Her reports track the loss of traditional manufacturing jobs in Tor-York East and West and the incursion of new knowledge-based industries — employers that covet top talent and a diverse labour pool.
But those workers will go where they can get downtown style amenities.
"You can't really talk about complete communities without talking about employment," said Blais. "There's a move away from the sterile business park to one where people are able to walk out to lunch and have a pizza without having to get in their car and drive.”
Emerging jobs are compatible with multi-storey office towers rather than low, spread-out manufacturing facilities. Redeveloping the surface parking lots and building on some vacant business park sites could free up space for up to 57,000 office workers, according to Blais.
Many of those offices would be in easy reach of new transit such as the Viva bus rapid transit (BRT) along Highway 7. But even that service, the subway to the Vaughan Metropolitan Centre and expanded two-way, all-day GO service won't be enough to put all workers in the megazones on transit, she said.
Employment megazones haven't been included in Ontario's recently updated Growth Plan, which has instead focused on residential growth, said Neptis executive director Marcy Burchfield.
Where York Region has introduced BRT, the planning is still focused on cars, she said.
"Even though the BRT is going through there, it's not friendly to pedestrians. When you go into where much of the financial business services are concentrated, they are still planned around surface parking lots and there are less amenities in them," said Burchfield.
Neptis's employment megazones are a microcosm of what's happening in the broad economy, she said.
"To realize the full potential of the megazones is really critical to the economic prosperity of our region," said Burchfield.

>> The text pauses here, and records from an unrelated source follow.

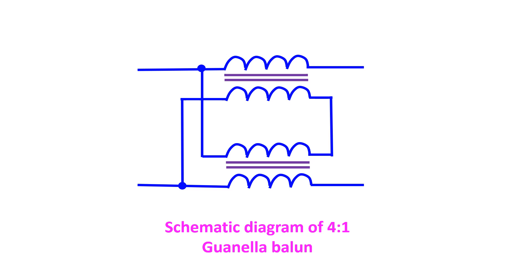There is another type known as the 4-to-1 Guanella balun, in which two 1-to-1 baluns are connected in a way that the inputs are in parallel and outputs are in series. That is meant for different applications like folded dipoles and full-wave loops like a delta loop, where an impedance transformation is also needed in addition to a common mode choke.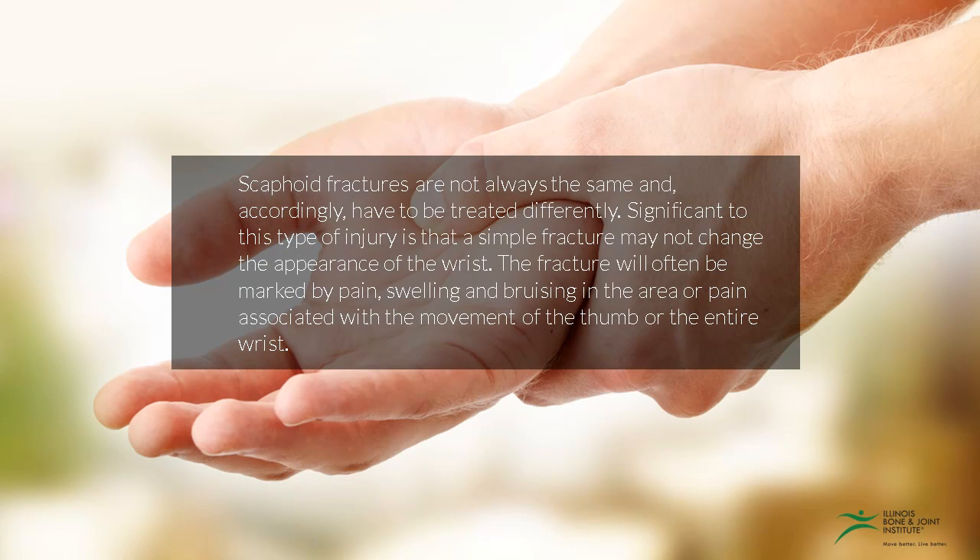Scaphoid fractures are not always the same and accordingly have to be treated differently. Significant to this type of injury is that a simple fracture may not change the appearance of the wrist. The fracture will often be marked by pain, swelling, and bruising in the area, or associated with the movement of the thumb or the entire wrist.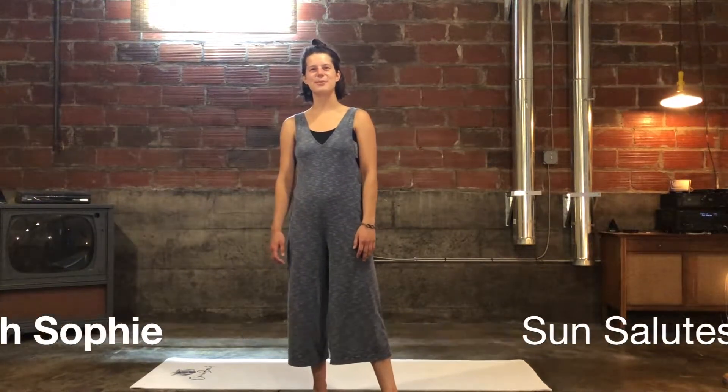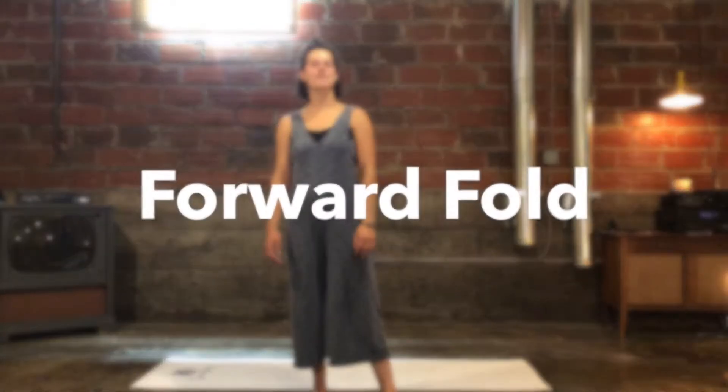Hey everybody, it's Sophie over at Common Mind Yoga. Today we're going to talk about forward folds.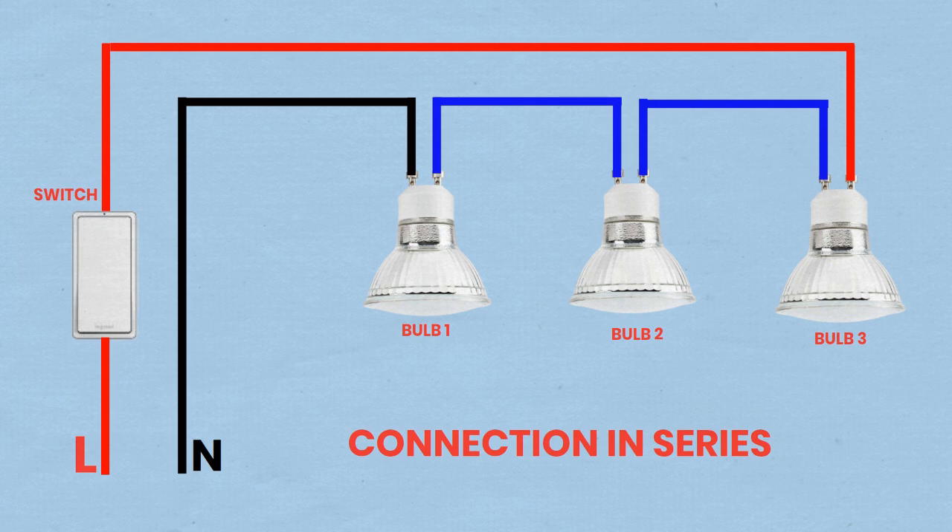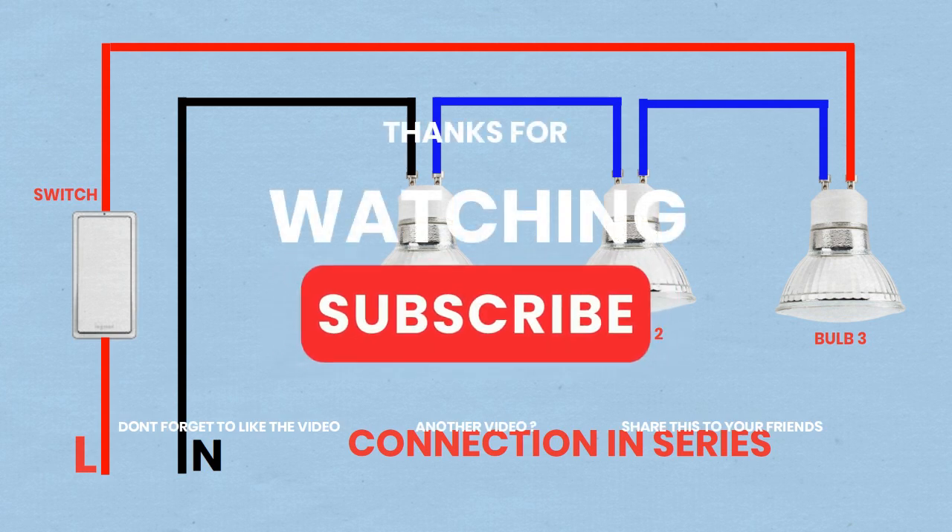Part 2 — Final Checks. Double-check all connections to ensure there are no loose wires. Ensure all exposed wires are properly insulated with electrical tape or wire nuts. Restore the main power supply and test the functionality of the switch and bulbs. By following these steps, you can successfully wire three bulbs in series and parallel using a switch and an MCB. Always prioritize safety and ensure all electrical connections are secure and properly insulated.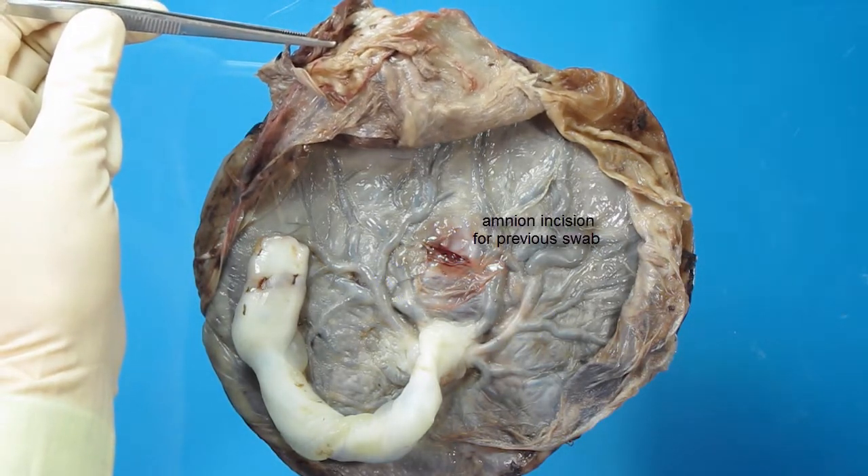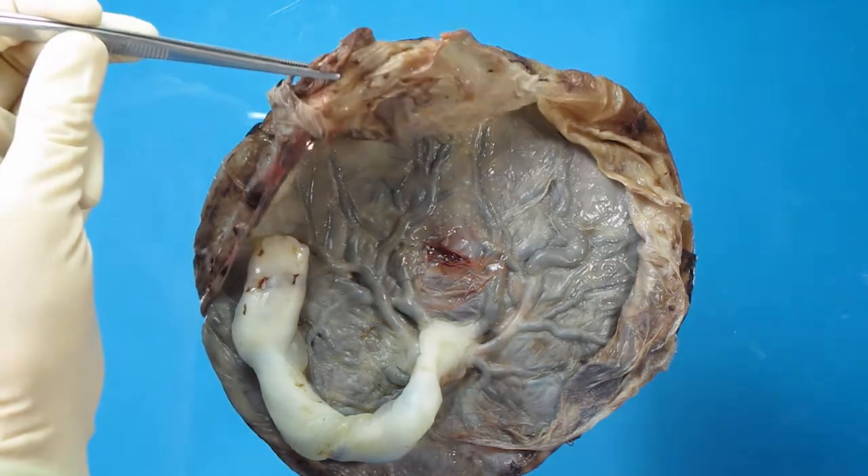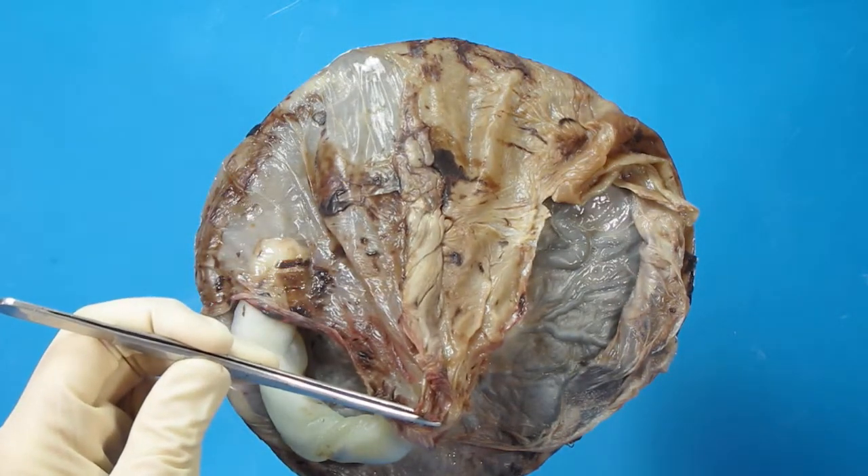The membranes are marginal and this is the sac in which the baby would have been contained.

"That means restricting office development at the edges of the region. No more new suburban office parks. The 100 million sq. ft. of office space we're expecting to plan for over the next 25 years — we have to do that in a way that maximizes out transit investments and the economic potential," she said.
York Region officials say Blais's reports are proof that their urban planning is paying off in jobs. The amenities, they say, are coming.
"Both areas have done well to attract jobs in the knowledge-based economy that we've been moving towards," said Paul Freeman, manager of planning policy.
Vaughan Metropolitan Centre and Markham Centre have seen more than 1 million sq. ft. of new office development over the last four years, including facilities built or being development by KPMG, Miller Thomson, PwC and Aviva Canada, said Doug Lindeblom, director of economic strategy.
He cited Lenovo Canada, TD Insurance and General Motors developments south of Markham Centre in the employment megazone.
"We're building cities. We're building different kinds of cities than you'll see in downtown Toronto but the amenities are coming," he said, adding the office development has been driven by the development of about 10,000 condo units in the region over the last three years.